Rowan scrive ad un famoso avvocato dal carcere. Accusata di aver ucciso una bambina, Rowan proclama la sua innocenza e supplica l’avvocato di assumere la sua difesa. E gli racconta i fatti. Gli scrive di aver accettato il posto di governante presso gli Elincourt perché era stanca del suo lavoro in un asilo nido, si sentiva sola perché la sua compagna di alloggio era via per un certo tempo, e poi il compenso offerto era troppo allettante per lasciarselo sfuggire. In più Heatherbrae, la grande casa ristrutturata dai suoi datori di lavoro, immersa nel selvaggio paesaggio scozzese, era un incanto.
Ma non è tutto oro quel che luccica. Rowan si trova a respingere le avances di Mr. Elincourt la sera stessa del suo arrivo e poi, contro ogni aspettativa, a dover restare subito sola con tre bambine (una è molto piccola e una quarta è ancora in collegio, rientrerà a metà settimana). Le uniche altre presenze sono una signora che viene al mattino a pulire la casa e il factotum Jack, uomo affascinante e un poco inquietante. C’è un bambino in più rispetto al romanzo di James, ma gli altri personaggi, rimaneggiati, ci sono tutti.

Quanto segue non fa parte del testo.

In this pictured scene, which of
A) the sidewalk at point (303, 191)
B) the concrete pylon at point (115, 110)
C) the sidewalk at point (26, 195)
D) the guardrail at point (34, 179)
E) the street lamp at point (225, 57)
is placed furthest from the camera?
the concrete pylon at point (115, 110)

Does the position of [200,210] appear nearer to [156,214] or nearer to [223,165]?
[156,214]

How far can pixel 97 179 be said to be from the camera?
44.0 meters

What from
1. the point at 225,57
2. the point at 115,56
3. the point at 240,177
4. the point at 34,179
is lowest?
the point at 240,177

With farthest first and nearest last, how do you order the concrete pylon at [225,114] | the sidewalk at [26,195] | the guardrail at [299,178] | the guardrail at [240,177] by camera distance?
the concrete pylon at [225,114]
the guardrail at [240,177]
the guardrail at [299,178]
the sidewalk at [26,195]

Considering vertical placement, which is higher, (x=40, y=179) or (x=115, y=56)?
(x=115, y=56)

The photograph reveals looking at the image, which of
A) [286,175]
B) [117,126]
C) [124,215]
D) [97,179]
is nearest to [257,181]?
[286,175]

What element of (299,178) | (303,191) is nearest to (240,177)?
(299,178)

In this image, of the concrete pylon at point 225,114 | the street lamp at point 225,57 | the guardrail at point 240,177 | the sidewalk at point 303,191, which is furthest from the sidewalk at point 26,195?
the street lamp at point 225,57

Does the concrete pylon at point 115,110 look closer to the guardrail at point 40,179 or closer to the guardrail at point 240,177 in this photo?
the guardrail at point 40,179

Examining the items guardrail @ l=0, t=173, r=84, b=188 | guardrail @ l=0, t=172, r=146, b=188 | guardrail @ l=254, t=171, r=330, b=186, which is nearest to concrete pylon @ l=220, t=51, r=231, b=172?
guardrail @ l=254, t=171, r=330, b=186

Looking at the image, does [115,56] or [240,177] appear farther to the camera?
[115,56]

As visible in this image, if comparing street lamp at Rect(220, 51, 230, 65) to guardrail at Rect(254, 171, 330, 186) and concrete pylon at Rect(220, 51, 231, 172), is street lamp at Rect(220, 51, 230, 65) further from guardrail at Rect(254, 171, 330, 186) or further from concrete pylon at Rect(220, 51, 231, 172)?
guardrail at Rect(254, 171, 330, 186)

Ci sono poi le dicerie allarmanti su una bambina morta avvelenata in quella casa, di un padre impazzito, di governanti che hanno resistito pochissimo a Heatherbrae, messe in fuga dai fantasmi.
Infine c’è il dettaglio che dapprima pare entusiasmante e dopo si rivela diabolico: tutta la casa è cablata, c’è una app che fa funzionare tutto, si possono dare ordini vocali per aggiungere un articolo alla spesa da fare, si può vedere e sentire, da un piano all’altro, che cosa stiano facendo le bambine. MA non c’è controllo manuale su niente, la porta non si apre, le luci non si accendono né si spengono se non si tocca il punto giusto su un pannello. E a chi piacerebbe sapere che una telecamera permette a qualcun altro di controllarti di continuo, anche nella tua stanza? O nella stanza da bagno? Rowan copre con un calzino la telecamera della sua stanza da letto (dettaglio che sarà poi a suo svantaggio).

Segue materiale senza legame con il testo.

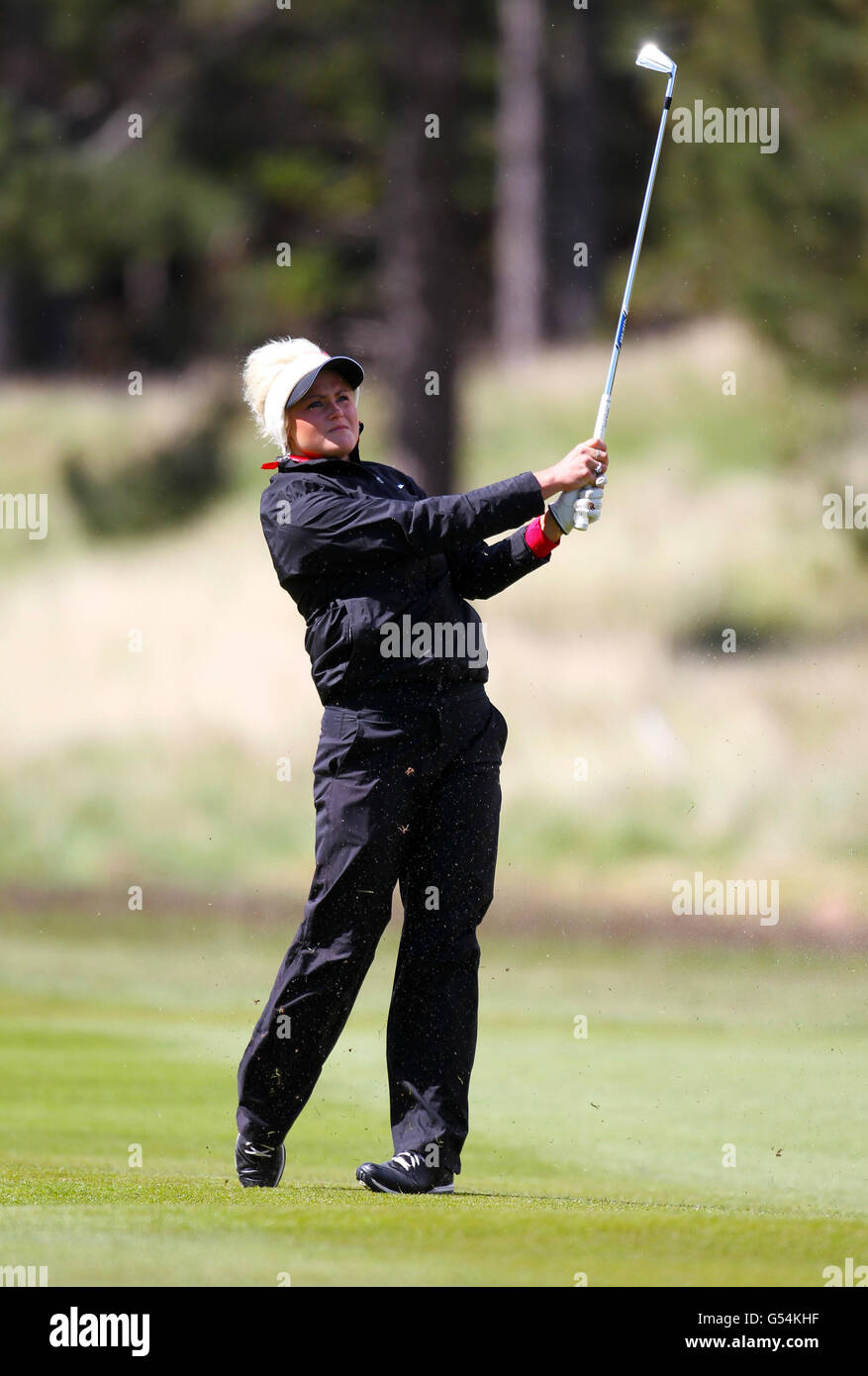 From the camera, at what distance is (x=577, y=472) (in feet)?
16.3

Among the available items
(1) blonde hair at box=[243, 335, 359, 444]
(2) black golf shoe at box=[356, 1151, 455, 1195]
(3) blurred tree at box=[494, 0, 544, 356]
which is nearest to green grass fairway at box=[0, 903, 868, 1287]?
(2) black golf shoe at box=[356, 1151, 455, 1195]

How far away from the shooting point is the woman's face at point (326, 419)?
5.08 metres

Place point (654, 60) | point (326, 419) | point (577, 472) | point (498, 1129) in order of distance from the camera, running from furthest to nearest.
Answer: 1. point (498, 1129)
2. point (654, 60)
3. point (326, 419)
4. point (577, 472)

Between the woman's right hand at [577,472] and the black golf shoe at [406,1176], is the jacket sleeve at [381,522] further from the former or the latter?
the black golf shoe at [406,1176]

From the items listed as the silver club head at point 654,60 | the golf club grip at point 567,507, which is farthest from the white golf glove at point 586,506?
the silver club head at point 654,60

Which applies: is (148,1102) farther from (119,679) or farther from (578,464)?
(119,679)

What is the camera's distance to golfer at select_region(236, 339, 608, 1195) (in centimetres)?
488

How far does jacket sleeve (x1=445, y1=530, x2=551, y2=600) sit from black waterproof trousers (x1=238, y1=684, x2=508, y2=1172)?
0.28m

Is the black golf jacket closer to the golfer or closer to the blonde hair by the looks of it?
the golfer

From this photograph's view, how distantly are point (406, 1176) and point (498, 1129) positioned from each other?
A: 1.68 metres

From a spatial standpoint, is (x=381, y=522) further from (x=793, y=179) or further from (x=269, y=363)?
(x=793, y=179)

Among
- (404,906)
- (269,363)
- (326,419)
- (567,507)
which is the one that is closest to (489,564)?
(567,507) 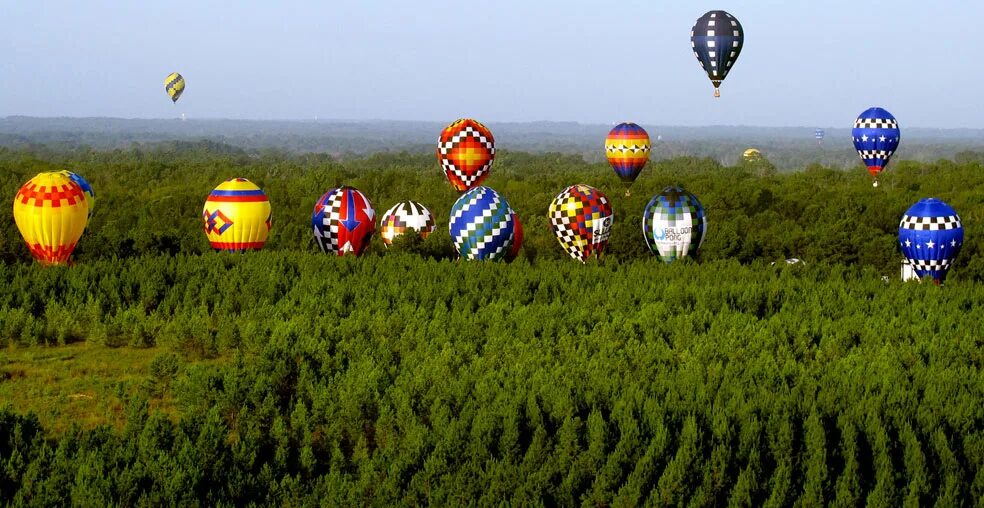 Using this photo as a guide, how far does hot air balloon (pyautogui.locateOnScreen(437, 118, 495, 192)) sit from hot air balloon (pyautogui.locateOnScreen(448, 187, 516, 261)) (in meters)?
5.68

Le bambine non sono così perfette come
sembravano, sembra ce l’abbiano proprio con Rowan- inizia un boicottaggio
sistematico contro di lei, soprattutto da parte della più grande, di otto anni.
Già sottoposta allo stress di gestire una situazione difficile con le tre
bambine, sentendosi in colpa per contravvenire alle tante regole stabilite
dalla madre in un fascicolo grande quanto un libro, in ansia per i pericoli in
agguato nel bosco, nello stagno, nel giardino dei veleni di cui non conosceva
l’esistenza, Rowan non riesce a dormire. Una notte dopo l’altra qualcosa
succede: risuona la musica ad alto volume in tutta la casa, porte chiuse
vengono trovate aperte o il contrario, passi pesanti risuonano sopra la testa
di Rowan- c’è forse una soffitta? E poi la sinistra testa di bambola di
porcellana che rotola sul pavimento e il fiore blu (velenoso?) trovato in
cucina. Un incubo che non ha fine. O meglio, ha una fine con la morte della
bambina di cui è accusata Rowan.
Finale sorprendente e sconvolgente in un
romanzo che non è una semplice storia di fantasmi ma una dolorosa riflessione
sulla famiglia e sull’infanzia, sulla presenza o assenza dei genitori e sugli
intrecci di gelosia e amore tra sorelle.